Professor Robert Lucas was a long-time member of Schulich’s faculty

Schulich School of Business Professor Robert Lucas, who taught organizational behaviour and industrial relations (OBIR), died in Toronto on Feb. 17, his 65th birthday.

Prof. Lucas joined the faculty in 1980 and was a highly-respected teacher and member of the University community. In remembrance of his contributions to York University, the flags at the Keele and Glendon campuses and at the Passy Gardens Graduate Residence on the Keele campus will fly at half-mast from sunrise to sundown today.

Right: Professor Robert Lucas

Following the appointment of Dezö Horváth as dean in 1988, Lucas played a major role in reorganizing and relaunching a number of the business school’s degree programs as well as in the OBIR area.

Born in British Columbia in 1944, Prof.

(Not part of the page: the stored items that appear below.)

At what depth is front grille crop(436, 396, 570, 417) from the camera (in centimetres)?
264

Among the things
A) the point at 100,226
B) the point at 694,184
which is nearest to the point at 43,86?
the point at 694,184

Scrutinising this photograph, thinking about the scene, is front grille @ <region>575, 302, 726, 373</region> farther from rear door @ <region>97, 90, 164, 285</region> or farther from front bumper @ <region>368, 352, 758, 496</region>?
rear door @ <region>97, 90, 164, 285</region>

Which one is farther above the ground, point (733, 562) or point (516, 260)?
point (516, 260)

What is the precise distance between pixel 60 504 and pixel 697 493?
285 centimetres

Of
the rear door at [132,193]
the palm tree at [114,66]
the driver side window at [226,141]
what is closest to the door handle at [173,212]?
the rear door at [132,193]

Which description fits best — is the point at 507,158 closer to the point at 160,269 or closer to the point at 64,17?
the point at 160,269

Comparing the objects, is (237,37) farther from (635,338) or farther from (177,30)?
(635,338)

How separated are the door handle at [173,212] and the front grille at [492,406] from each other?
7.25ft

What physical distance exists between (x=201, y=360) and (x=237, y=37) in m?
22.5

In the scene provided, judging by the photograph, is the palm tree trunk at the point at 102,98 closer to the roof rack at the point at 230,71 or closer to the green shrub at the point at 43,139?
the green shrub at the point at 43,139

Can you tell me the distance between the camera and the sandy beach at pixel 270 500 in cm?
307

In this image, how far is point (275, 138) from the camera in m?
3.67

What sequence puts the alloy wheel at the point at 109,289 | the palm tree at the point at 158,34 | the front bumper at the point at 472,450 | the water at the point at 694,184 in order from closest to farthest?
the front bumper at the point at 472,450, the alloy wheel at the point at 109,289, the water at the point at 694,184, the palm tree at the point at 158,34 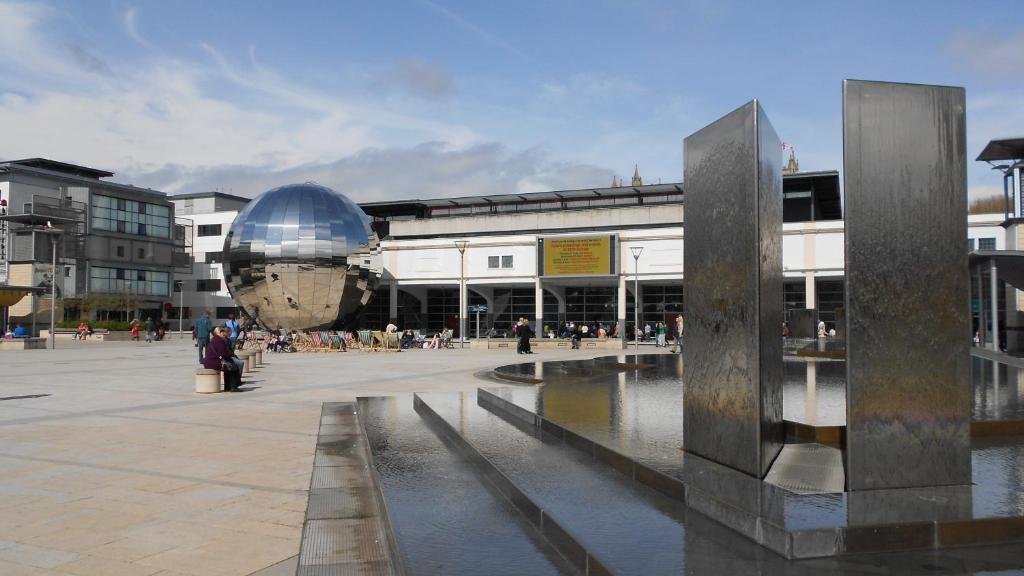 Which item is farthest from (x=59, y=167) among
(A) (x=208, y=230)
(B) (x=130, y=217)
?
(A) (x=208, y=230)

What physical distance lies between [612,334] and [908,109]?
44734 millimetres

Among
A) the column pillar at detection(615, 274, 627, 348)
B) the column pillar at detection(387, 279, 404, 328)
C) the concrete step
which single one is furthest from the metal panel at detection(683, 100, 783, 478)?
the column pillar at detection(387, 279, 404, 328)

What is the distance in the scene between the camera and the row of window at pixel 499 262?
161 ft

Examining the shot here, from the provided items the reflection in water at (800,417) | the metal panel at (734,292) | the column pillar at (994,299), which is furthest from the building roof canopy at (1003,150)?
the metal panel at (734,292)

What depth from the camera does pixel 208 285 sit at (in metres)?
74.3

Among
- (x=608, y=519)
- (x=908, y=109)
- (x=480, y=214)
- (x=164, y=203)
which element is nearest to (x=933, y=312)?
(x=908, y=109)

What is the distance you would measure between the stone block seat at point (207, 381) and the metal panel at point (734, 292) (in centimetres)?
1064

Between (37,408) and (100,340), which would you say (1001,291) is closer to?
→ (37,408)

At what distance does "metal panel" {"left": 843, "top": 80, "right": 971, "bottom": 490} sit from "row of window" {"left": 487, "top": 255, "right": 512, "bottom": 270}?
1741 inches

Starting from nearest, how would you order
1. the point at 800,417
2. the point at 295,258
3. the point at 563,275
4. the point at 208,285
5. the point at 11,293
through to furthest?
the point at 800,417 < the point at 295,258 < the point at 11,293 < the point at 563,275 < the point at 208,285

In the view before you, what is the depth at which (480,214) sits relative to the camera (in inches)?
2313

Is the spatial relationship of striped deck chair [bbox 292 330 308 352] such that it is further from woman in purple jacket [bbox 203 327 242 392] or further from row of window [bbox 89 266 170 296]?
row of window [bbox 89 266 170 296]

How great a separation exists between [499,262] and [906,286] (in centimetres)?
4472

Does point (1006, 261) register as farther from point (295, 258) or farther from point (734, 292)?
point (295, 258) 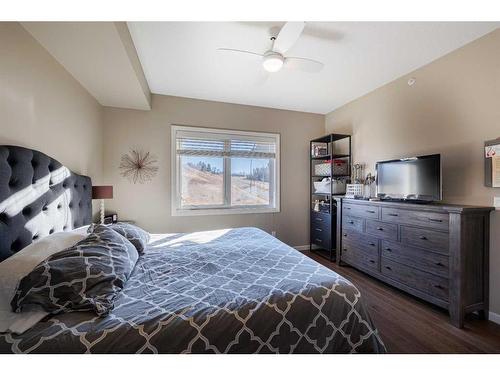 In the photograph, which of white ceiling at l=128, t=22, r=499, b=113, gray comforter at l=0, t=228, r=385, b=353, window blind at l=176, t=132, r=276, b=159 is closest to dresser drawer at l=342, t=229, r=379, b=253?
gray comforter at l=0, t=228, r=385, b=353

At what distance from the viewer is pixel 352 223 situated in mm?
2881

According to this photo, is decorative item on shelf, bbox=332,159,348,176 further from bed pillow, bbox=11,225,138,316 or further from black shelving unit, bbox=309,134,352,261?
bed pillow, bbox=11,225,138,316

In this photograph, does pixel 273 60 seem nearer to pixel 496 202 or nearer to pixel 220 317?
pixel 220 317

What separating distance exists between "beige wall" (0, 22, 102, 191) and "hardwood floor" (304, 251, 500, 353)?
9.72 feet

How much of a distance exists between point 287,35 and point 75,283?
6.55ft

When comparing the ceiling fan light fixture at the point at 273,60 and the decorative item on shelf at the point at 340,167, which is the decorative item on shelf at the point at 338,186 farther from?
the ceiling fan light fixture at the point at 273,60

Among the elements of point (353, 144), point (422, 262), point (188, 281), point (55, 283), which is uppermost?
point (353, 144)

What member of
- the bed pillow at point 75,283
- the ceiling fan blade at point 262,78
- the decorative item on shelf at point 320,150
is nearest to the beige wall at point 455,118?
the decorative item on shelf at point 320,150

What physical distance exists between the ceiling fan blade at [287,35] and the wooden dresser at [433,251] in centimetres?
185

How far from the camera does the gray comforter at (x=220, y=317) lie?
848 millimetres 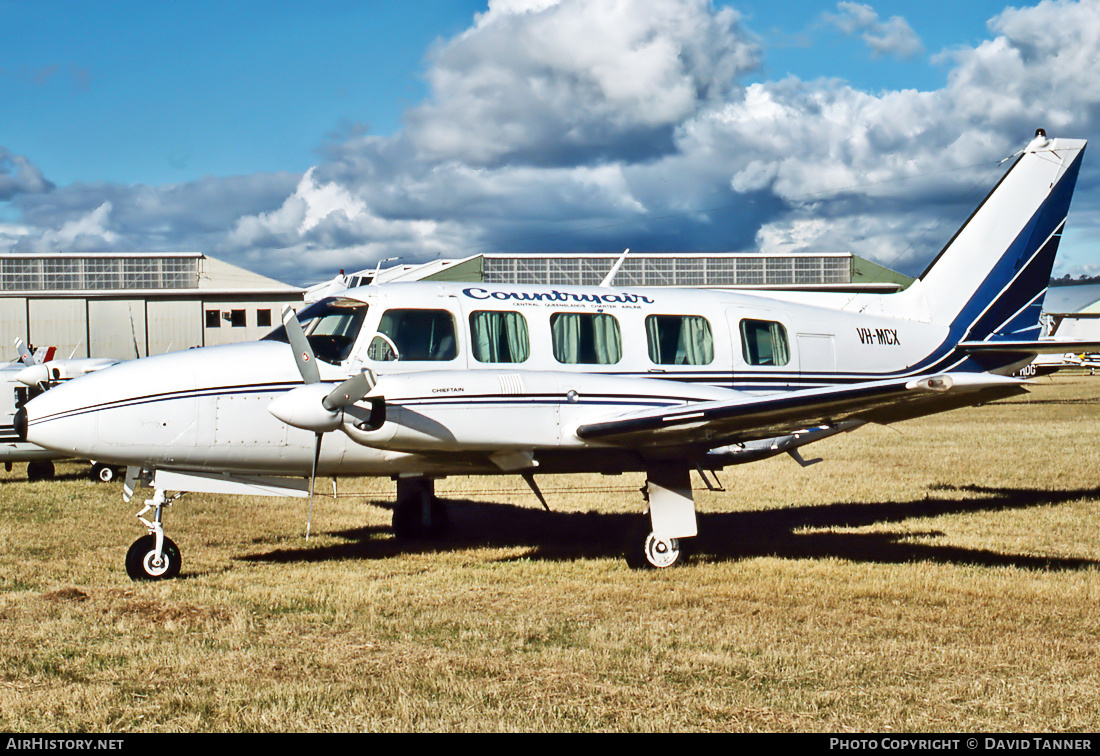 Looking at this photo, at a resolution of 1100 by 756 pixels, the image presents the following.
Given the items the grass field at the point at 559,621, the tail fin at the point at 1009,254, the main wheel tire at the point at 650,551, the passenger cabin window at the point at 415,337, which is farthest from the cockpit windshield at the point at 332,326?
the tail fin at the point at 1009,254

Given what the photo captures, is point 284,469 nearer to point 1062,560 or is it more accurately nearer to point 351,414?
point 351,414

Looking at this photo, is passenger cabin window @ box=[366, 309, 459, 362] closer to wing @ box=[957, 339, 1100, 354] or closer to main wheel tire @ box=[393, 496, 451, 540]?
main wheel tire @ box=[393, 496, 451, 540]

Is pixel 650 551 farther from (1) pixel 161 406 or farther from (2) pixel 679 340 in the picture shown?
(1) pixel 161 406

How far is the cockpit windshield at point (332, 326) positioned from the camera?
9.52 metres

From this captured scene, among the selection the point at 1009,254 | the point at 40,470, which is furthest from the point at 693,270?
the point at 1009,254

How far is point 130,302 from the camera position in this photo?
172 ft

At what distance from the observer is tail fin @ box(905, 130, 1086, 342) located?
13141 millimetres

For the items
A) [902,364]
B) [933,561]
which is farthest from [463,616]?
[902,364]

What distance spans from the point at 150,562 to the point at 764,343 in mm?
7240

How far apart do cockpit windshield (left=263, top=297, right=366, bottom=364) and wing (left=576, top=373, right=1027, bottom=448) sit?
2.55 m

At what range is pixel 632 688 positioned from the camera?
19.5ft

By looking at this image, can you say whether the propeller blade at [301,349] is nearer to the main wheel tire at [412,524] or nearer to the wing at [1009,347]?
the main wheel tire at [412,524]

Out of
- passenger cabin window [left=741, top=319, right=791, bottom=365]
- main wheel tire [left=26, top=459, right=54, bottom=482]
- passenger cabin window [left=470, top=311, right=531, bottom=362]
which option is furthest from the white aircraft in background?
passenger cabin window [left=741, top=319, right=791, bottom=365]

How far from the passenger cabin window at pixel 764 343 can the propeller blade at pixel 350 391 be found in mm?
4876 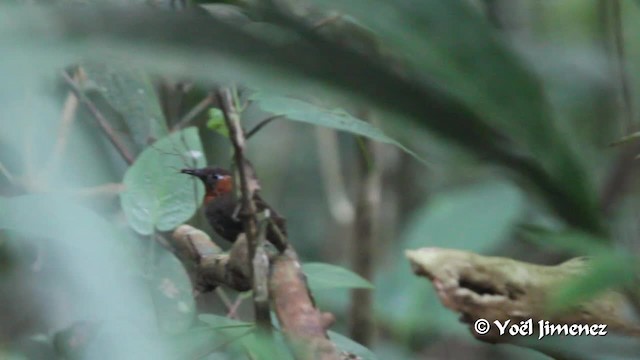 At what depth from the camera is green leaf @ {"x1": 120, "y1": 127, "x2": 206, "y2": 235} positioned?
564mm

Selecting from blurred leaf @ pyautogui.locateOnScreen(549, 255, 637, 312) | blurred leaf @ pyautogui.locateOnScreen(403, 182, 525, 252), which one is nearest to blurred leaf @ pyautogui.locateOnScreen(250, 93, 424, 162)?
blurred leaf @ pyautogui.locateOnScreen(549, 255, 637, 312)

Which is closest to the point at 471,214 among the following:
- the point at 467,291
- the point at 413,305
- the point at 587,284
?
the point at 413,305

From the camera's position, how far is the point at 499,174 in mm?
271

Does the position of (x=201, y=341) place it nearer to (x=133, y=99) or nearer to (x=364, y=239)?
(x=133, y=99)

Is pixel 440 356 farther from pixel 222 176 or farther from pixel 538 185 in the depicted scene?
pixel 538 185

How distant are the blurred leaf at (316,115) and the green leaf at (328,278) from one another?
0.37 ft

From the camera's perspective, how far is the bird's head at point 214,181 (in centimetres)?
64

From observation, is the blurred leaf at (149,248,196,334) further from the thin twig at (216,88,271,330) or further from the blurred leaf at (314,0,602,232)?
the blurred leaf at (314,0,602,232)

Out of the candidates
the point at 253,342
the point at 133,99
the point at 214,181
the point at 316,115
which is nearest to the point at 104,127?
the point at 133,99

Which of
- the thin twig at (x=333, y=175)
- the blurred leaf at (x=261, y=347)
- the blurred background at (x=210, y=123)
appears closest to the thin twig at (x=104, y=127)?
the blurred background at (x=210, y=123)

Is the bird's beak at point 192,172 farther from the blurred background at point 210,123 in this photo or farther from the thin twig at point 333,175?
the thin twig at point 333,175

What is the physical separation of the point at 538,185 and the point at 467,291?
0.60 feet

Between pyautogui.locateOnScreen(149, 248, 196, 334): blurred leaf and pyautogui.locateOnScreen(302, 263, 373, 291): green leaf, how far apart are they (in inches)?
3.8

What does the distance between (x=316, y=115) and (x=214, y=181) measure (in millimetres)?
128
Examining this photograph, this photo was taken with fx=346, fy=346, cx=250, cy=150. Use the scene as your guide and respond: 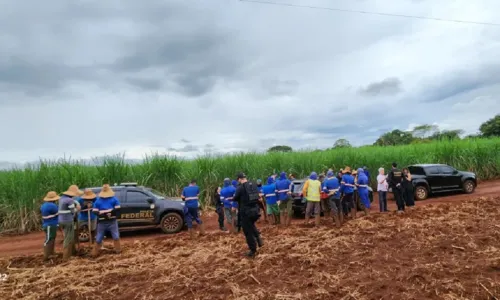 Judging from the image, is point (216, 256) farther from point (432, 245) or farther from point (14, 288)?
point (432, 245)

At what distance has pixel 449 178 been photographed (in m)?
17.8

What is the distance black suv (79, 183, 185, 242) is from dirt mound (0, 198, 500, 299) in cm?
199

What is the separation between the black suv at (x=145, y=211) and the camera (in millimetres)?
11656

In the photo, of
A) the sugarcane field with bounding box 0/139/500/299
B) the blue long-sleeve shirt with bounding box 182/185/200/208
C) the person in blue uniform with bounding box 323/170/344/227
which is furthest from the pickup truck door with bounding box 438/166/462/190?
the blue long-sleeve shirt with bounding box 182/185/200/208

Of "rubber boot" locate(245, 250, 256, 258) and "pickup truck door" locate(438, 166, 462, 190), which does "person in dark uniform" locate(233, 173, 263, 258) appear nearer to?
"rubber boot" locate(245, 250, 256, 258)

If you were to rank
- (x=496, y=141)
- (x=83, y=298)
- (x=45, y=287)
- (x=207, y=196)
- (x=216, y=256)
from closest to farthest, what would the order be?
(x=83, y=298), (x=45, y=287), (x=216, y=256), (x=207, y=196), (x=496, y=141)

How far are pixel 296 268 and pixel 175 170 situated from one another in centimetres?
1125

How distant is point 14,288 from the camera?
6668 mm

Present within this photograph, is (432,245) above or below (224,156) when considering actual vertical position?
below

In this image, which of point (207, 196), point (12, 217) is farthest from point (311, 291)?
point (12, 217)

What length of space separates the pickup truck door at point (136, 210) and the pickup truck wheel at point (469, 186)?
16.1 meters

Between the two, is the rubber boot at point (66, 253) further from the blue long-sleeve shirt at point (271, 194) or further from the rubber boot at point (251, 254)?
the blue long-sleeve shirt at point (271, 194)

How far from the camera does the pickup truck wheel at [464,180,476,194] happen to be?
59.9 ft

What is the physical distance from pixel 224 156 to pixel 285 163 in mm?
3392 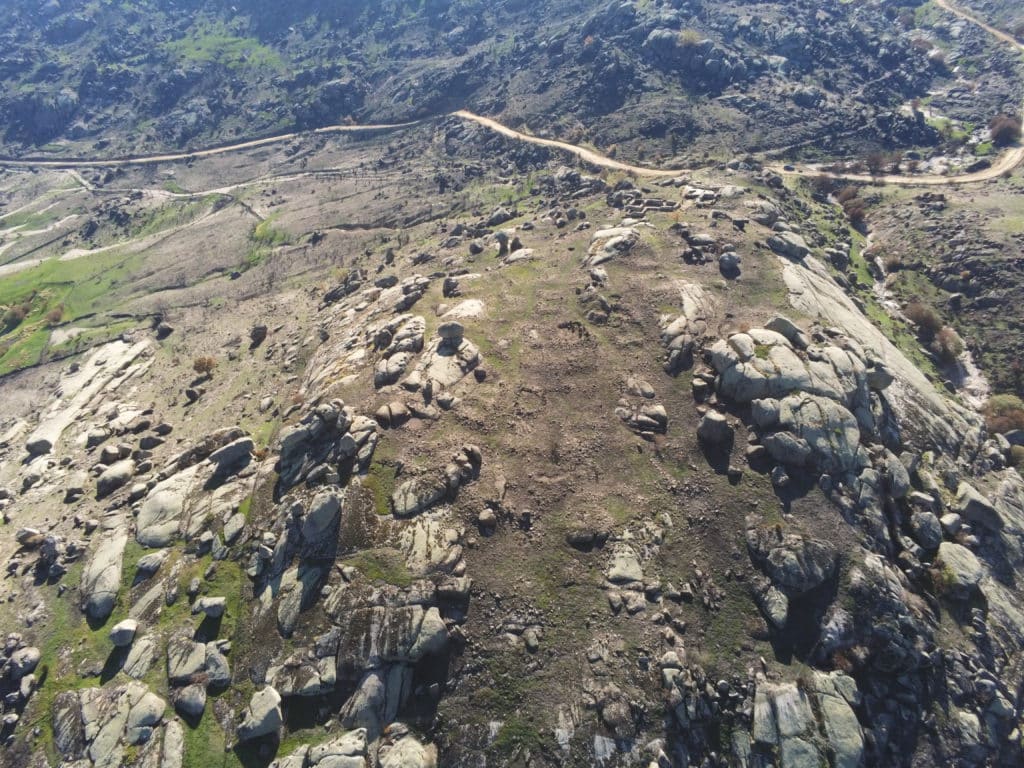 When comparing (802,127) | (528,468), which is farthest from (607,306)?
(802,127)

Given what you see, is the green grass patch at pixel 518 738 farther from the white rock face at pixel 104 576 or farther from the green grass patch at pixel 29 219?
the green grass patch at pixel 29 219

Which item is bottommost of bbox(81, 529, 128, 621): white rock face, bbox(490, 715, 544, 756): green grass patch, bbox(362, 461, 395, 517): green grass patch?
bbox(81, 529, 128, 621): white rock face

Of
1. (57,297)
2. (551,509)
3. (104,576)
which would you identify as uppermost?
(551,509)

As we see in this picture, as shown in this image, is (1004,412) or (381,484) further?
(1004,412)

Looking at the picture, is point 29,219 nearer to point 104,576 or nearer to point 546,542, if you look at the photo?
point 104,576

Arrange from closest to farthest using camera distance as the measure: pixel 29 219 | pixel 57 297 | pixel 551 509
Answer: pixel 551 509, pixel 57 297, pixel 29 219

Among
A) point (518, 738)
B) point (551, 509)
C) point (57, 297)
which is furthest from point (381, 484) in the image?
point (57, 297)

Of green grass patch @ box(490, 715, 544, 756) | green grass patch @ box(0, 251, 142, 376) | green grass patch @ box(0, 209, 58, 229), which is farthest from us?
green grass patch @ box(0, 209, 58, 229)

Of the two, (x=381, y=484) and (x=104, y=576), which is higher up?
(x=381, y=484)

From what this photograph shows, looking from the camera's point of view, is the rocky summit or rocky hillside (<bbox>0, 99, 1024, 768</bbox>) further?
the rocky summit

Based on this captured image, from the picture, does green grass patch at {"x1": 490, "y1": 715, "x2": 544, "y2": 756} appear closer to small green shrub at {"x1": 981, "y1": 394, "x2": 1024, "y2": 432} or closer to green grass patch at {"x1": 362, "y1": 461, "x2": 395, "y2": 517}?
green grass patch at {"x1": 362, "y1": 461, "x2": 395, "y2": 517}

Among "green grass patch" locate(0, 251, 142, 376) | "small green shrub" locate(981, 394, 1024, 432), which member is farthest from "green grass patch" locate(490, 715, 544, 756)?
"green grass patch" locate(0, 251, 142, 376)

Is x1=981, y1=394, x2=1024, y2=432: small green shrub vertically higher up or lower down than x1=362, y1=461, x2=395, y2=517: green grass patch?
lower down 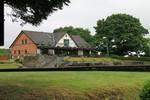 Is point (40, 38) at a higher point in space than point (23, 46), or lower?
higher

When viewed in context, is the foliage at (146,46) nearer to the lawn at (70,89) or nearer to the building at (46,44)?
the building at (46,44)

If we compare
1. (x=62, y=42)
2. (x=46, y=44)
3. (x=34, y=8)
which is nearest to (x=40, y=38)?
(x=46, y=44)

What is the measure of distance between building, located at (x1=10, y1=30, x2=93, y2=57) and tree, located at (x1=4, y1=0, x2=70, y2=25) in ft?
215

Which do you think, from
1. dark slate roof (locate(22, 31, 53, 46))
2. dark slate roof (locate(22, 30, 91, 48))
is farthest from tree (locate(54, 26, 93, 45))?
dark slate roof (locate(22, 31, 53, 46))

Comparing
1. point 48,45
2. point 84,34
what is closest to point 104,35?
point 48,45

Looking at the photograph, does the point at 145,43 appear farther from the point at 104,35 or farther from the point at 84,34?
the point at 84,34

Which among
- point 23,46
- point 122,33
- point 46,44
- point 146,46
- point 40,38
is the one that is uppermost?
point 122,33

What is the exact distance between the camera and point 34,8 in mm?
17359

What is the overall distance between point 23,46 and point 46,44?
18.3 feet

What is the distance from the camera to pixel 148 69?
109 feet

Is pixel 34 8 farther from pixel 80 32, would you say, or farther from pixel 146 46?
pixel 80 32

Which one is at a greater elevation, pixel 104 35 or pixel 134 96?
pixel 104 35

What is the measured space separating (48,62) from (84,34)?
54076mm

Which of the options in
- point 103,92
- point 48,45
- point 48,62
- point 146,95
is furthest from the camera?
point 48,45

Lucas earned a bachelor of commerce degree with majors in marketing and psychology from the University of British Columbia. After graduating, he joined the Eaton’s department store chain and worked his way up to become a manager. He later left Eaton’s to return to UBC and earned a master’s of science in administration, specializing in organizational behaviour. In 1980, he graduated from Cornell University’s New York State School of Industrial & Labour Relations with a PhD in organizational behaviour.

After graduation, he returned to Canada to take a position at York. Throughout his career, his research interests and areas of expertise included cognitive processes in organizations; politics, subgroups and uncertainty factors in decision and policy-making; the structure and process of bargaining in organizations; innovation and technical change; and organizational information systems.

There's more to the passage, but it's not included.